_WHAT TO WORK ON:_ The reply should hold every record, copied exactly, and none of the pictures.

_RECORDS FOR THIS TASK:_
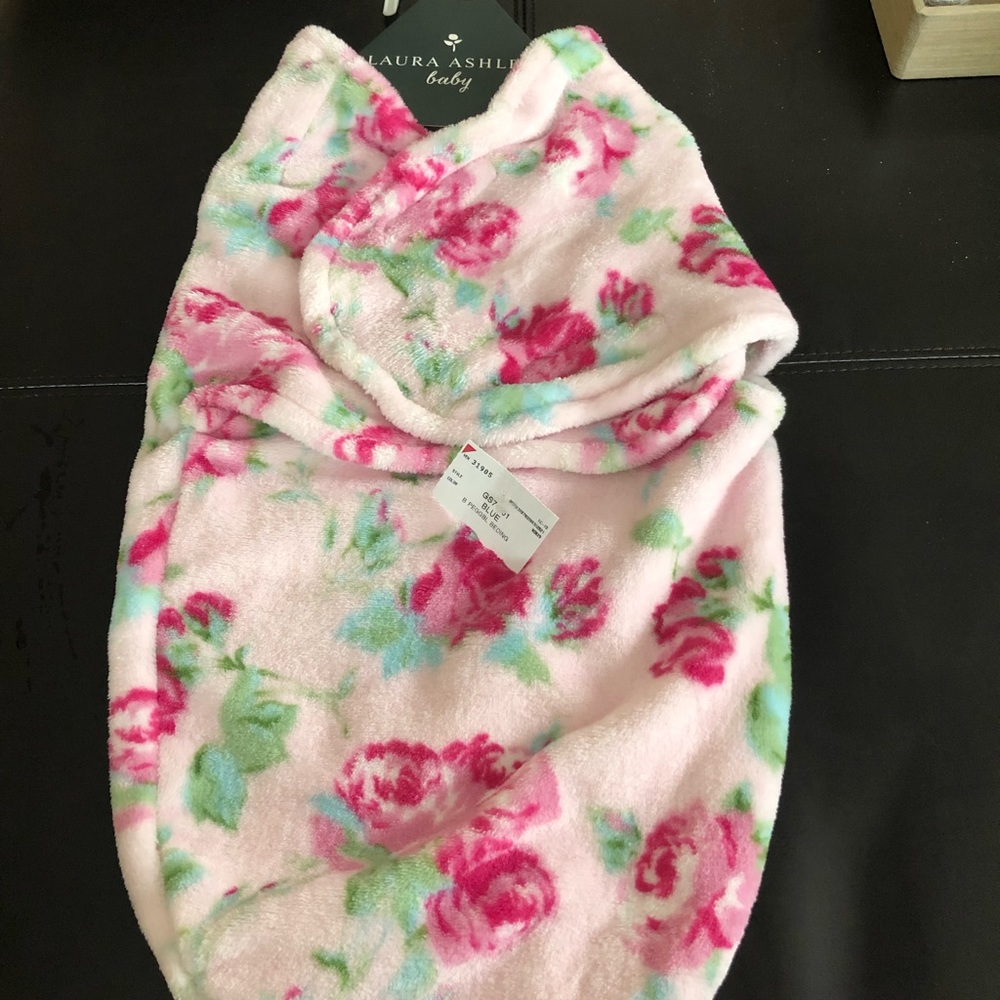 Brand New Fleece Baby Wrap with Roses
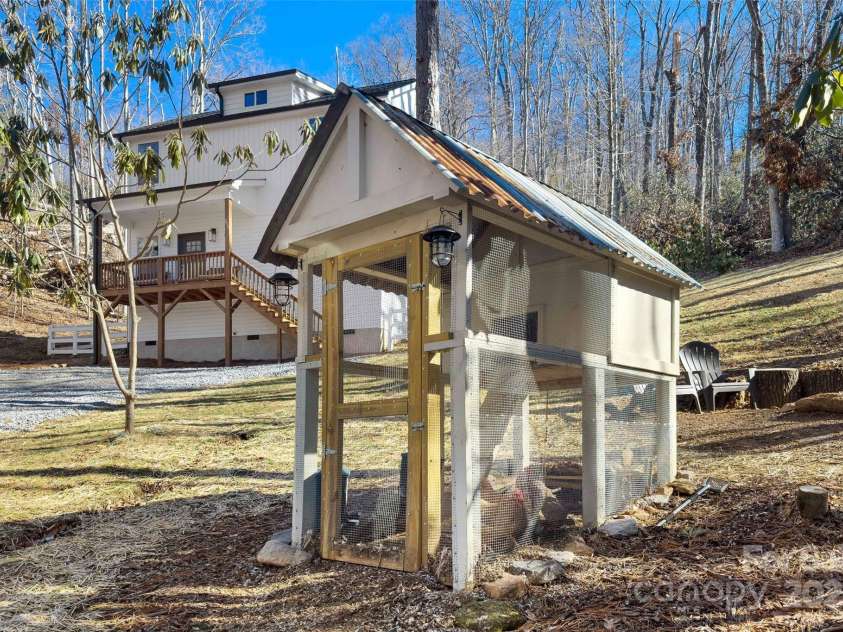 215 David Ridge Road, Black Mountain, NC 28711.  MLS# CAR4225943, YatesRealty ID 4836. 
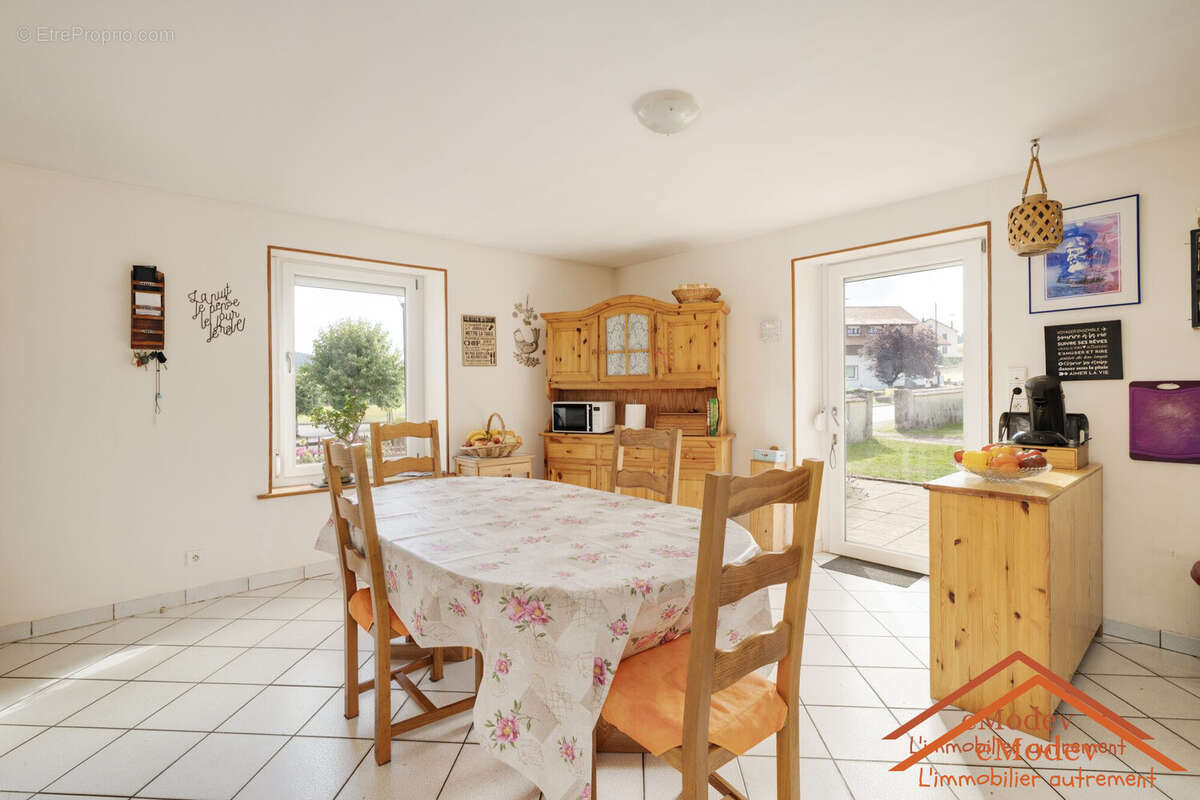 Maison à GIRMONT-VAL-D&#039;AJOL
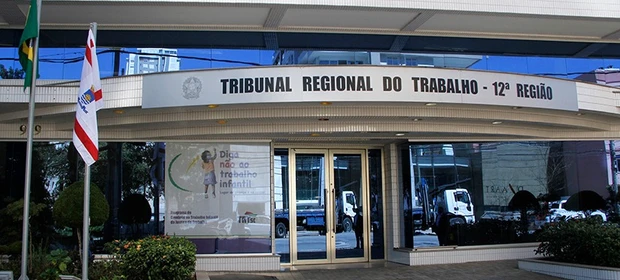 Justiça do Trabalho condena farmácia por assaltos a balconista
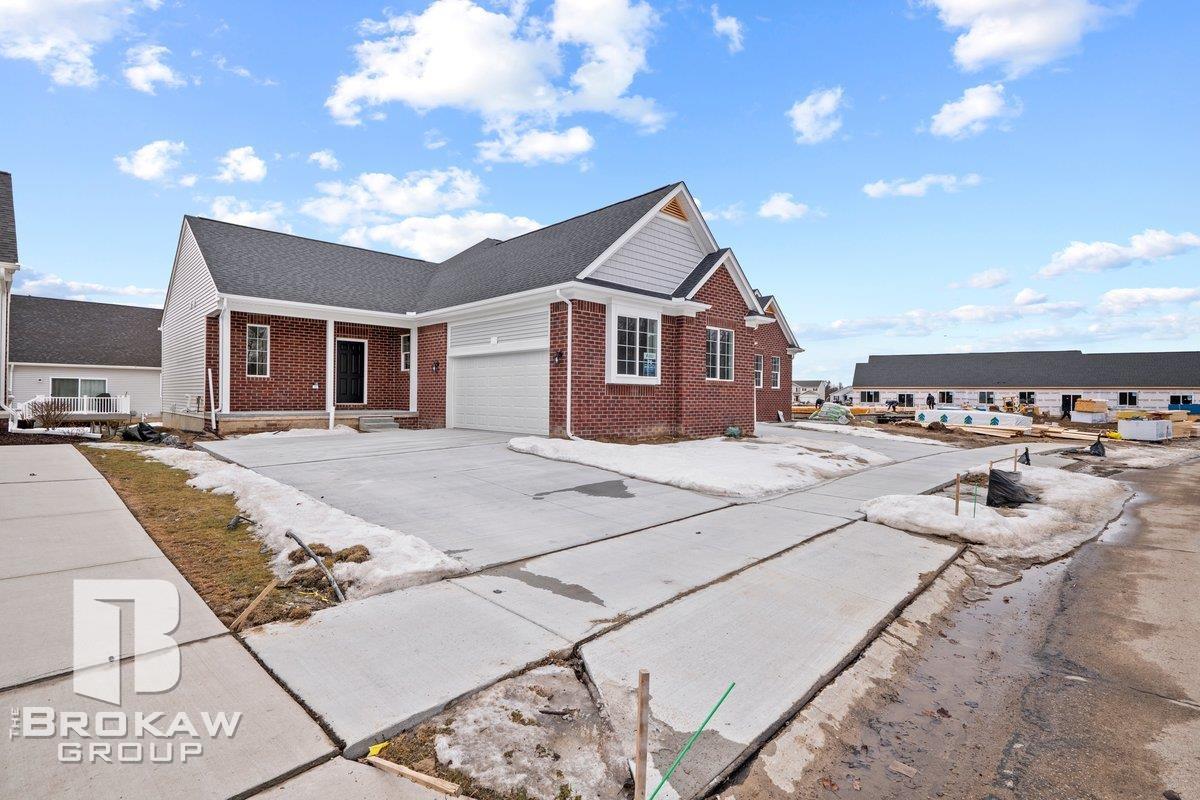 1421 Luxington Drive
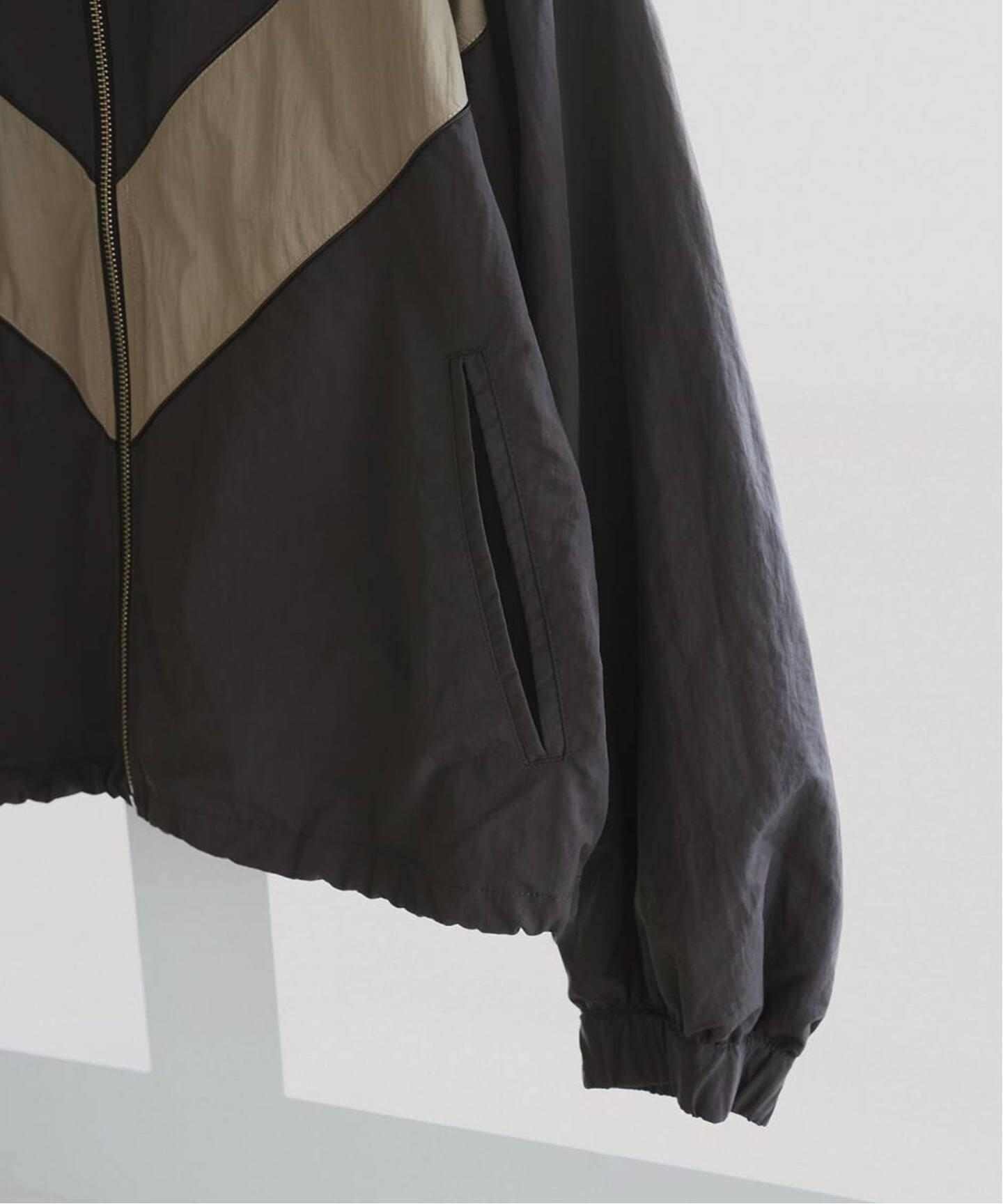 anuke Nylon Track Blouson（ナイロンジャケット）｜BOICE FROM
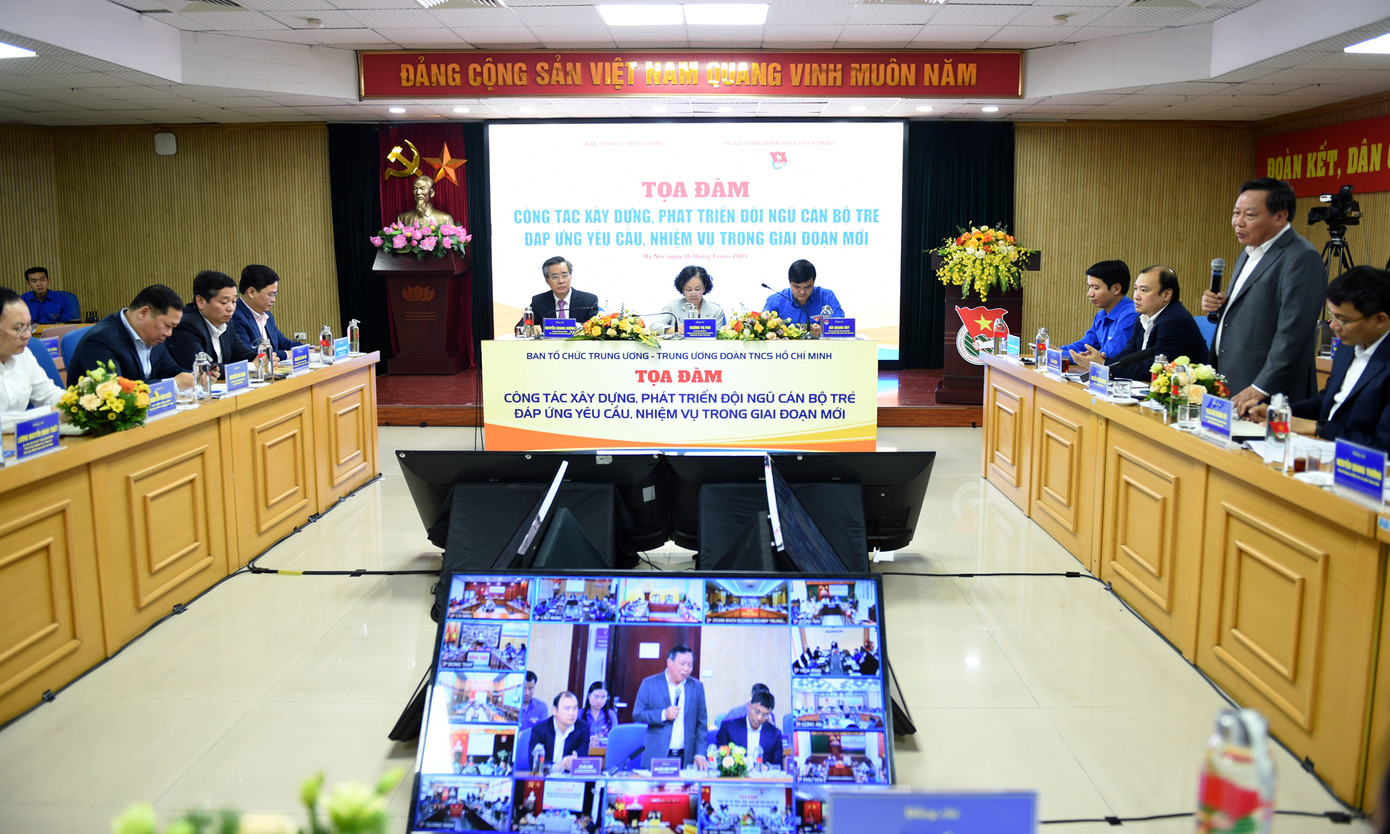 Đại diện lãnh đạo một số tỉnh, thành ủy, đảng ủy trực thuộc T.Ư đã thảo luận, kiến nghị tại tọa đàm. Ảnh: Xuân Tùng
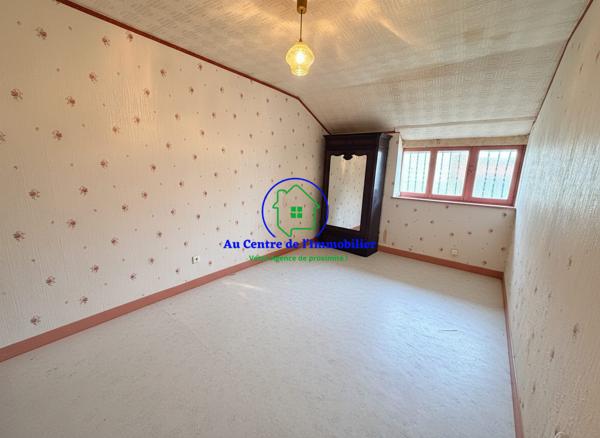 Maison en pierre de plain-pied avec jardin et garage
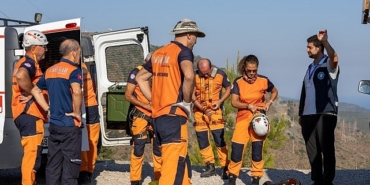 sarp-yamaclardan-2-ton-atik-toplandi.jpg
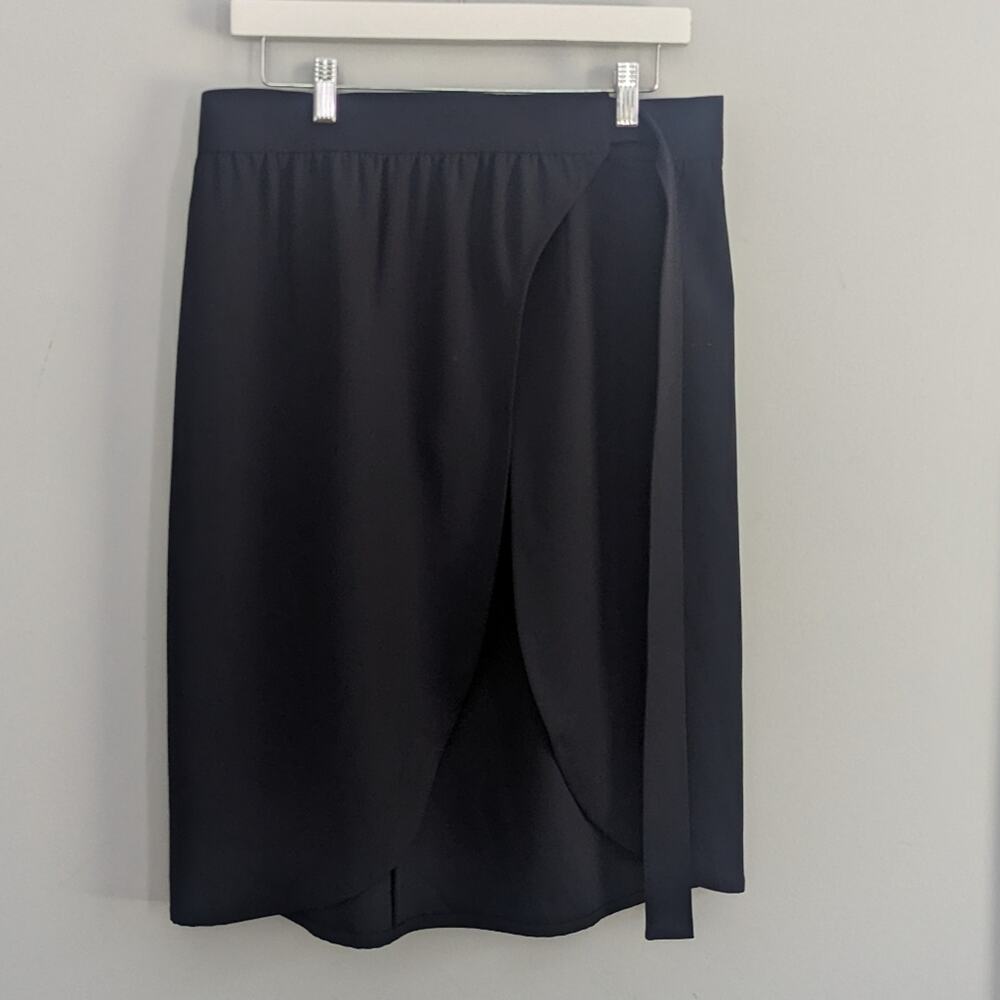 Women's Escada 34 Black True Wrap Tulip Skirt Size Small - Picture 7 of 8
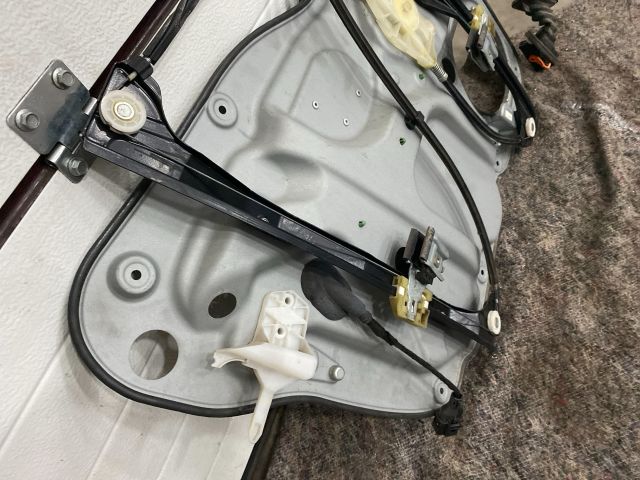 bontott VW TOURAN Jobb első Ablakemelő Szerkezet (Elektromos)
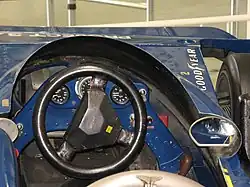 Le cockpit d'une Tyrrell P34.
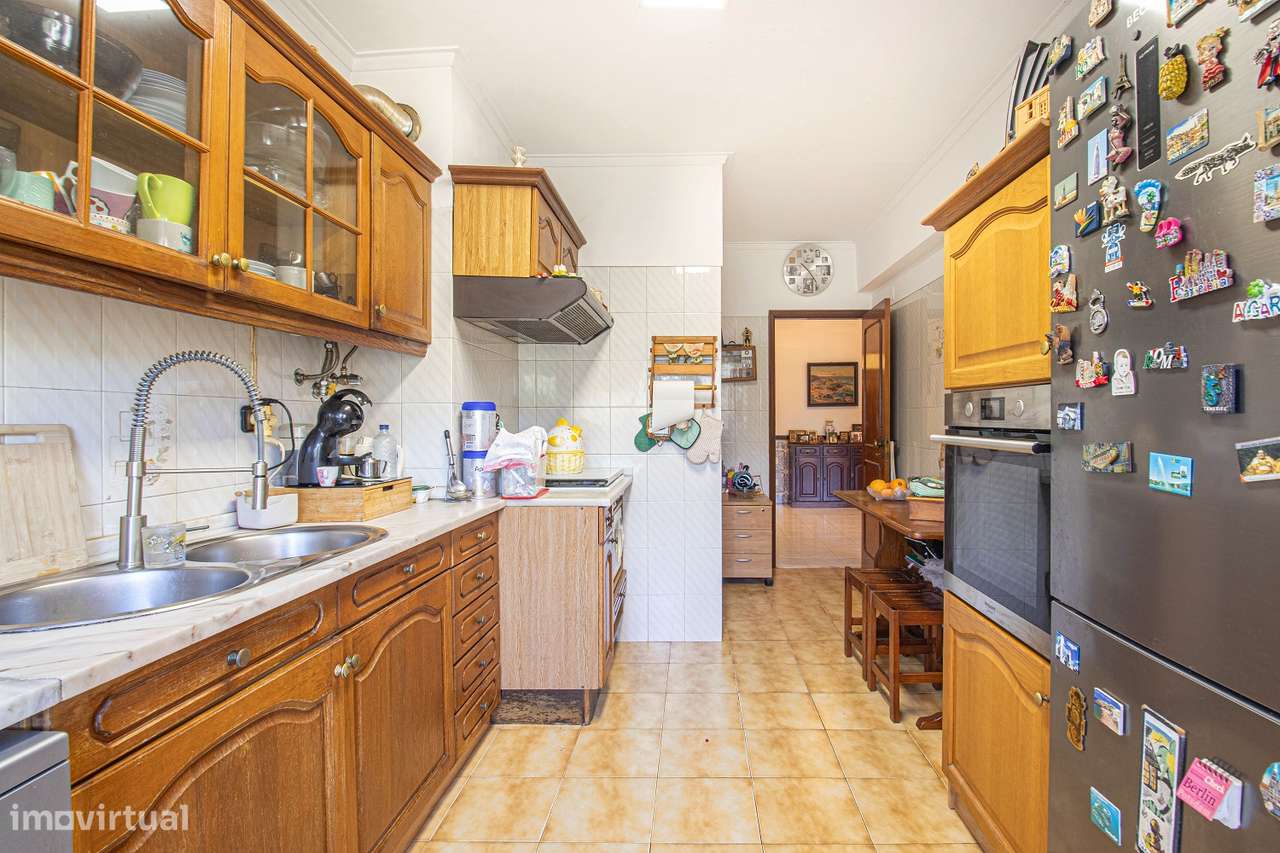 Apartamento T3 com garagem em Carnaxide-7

_ANSWER TO THIS PROBLEM:_
 Brand New Fleece Baby Wrap with Roses
 215 David Ridge Road, Black Mountain, NC 28711.  MLS# CAR4225943, YatesRealty ID 4836. 
 Maison à GIRMONT-VAL-D&#039;AJOL
 Justiça do Trabalho condena farmácia por assaltos a balconista
 1421 Luxington Drive
 anuke Nylon Track Blouson（ナイロンジャケット）｜BOICE FROM
 Đại diện lãnh đạo một số tỉnh, thành ủy, đảng ủy trực thuộc T.Ư đã thảo luận, kiến nghị tại tọa đàm. Ảnh: Xuân Tùng
 Maison en pierre de plain-pied avec jardin et garage
 sarp-yamaclardan-2-ton-atik-toplandi.jpg
 Women's Escada 34 Black True Wrap Tulip Skirt Size Small - Picture 7 of 8
 bontott VW TOURAN Jobb első Ablakemelő Szerkezet (Elektromos)
 Le cockpit d'une Tyrrell P34.
 Apartamento T3 com garagem em Carnaxide-7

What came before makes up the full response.